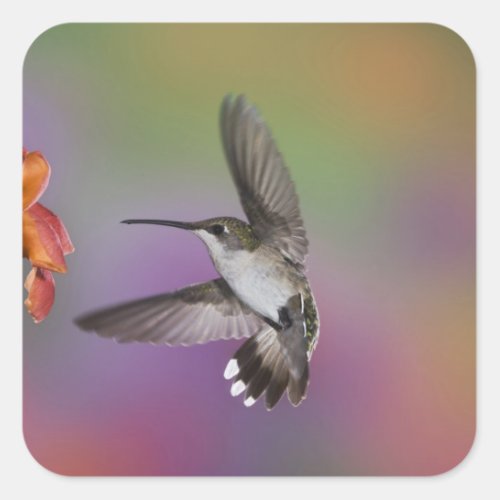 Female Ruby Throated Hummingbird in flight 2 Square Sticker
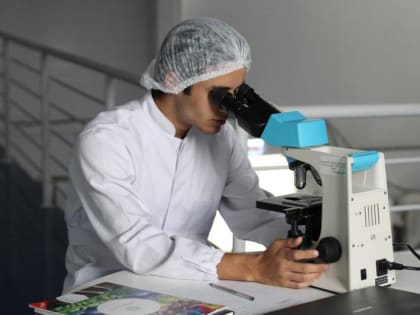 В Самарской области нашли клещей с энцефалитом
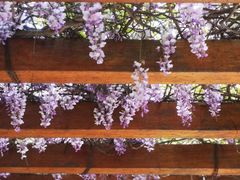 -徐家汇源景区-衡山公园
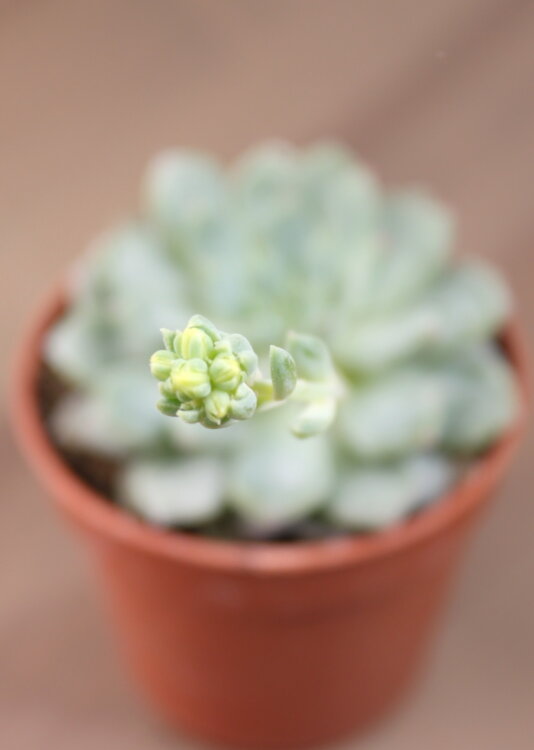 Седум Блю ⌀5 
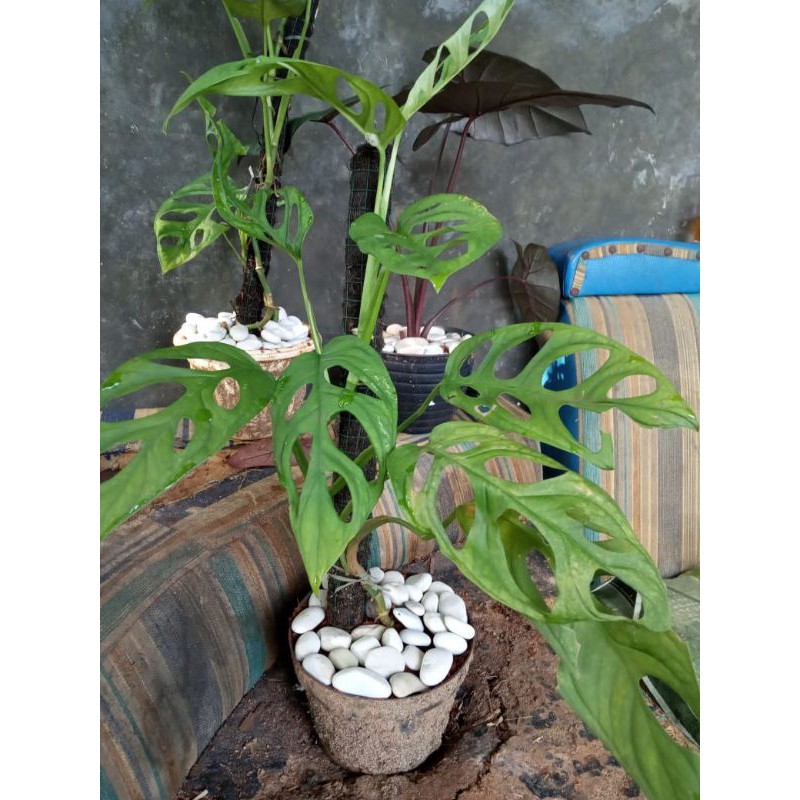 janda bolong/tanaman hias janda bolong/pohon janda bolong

• Task to complete
Write out each entry exactly as given, omitting any picture.

• Answer space
 Female Ruby Throated Hummingbird in flight 2 Square Sticker
 В Самарской области нашли клещей с энцефалитом
 -徐家汇源景区-衡山公园
 Седум Блю ⌀5 
 janda bolong/tanaman hias janda bolong/pohon janda bolong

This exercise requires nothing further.